February 18, 2008 at 6:06 am (Aristotle, Cult & Culture, Plato)

The usage of the term theology in Greek philosophical writings and its development in the Christian church has significance and can inform our understanding to the development of theology within Western Civilization.  The term theology in Greek philosophy developed from a general term relating to the poets who oversaw Greek mythology to a technical term related to the study of sacred revelation and tradition with the Christian church.  For this summary of the usage of the term theology within both the Greek philosophical and Christian theological history there is reliance upon the work of A. R. Sutherland, who provides an excellent description of the diachronic development of the term theology with its own context. 

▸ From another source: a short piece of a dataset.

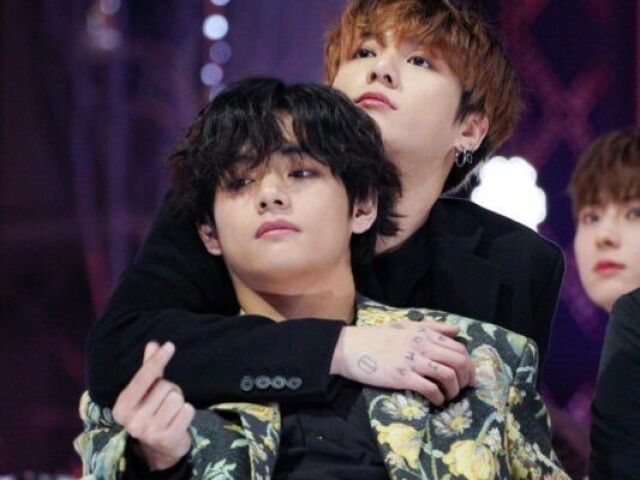 Vkook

In sum, Plato in the Republic addressed the poets, who oversee the myths of the gods as engaging in a type of theology, but Plato remained skeptical of their treatment of the subject and desired a “more adequate treatment of the gods.”[1] Although Plato does recognize theology as a discipline, “he does not suggest that philosophy has any important contribution to make to the understanding of the gods.”[2]

Aristotle, in the Metaphysics, conceived of a branch of knowledge that expressed a belief “concerning the fundamental nature of being: it is a science, separate from the other sciences, on which the possibility of separate and distinct sciences depends.”[3] Although Aristotle does use the term theology in Plato’s sense, he did however develop the word theology as a synonym for the highest philosophy of the theoretical sciences.[4] 

The Stoics, who flourished not long after the death of Aristotle and viewed the subjective side of mankind as irrational and promoted a life of harmony, described theology as either a division of physics (seen in Cleanthes) or as pertaining to its basic and general etymological sense (seen in Panaetius of Rhodes and Marcus Terentius Varro).[5]

Generally, from this time forth, the word theology continued to be used either in a Platonic, Aristotelian, or Stoic sense.  It was not until the Christian church and its tradition that the term theology further developed.[6]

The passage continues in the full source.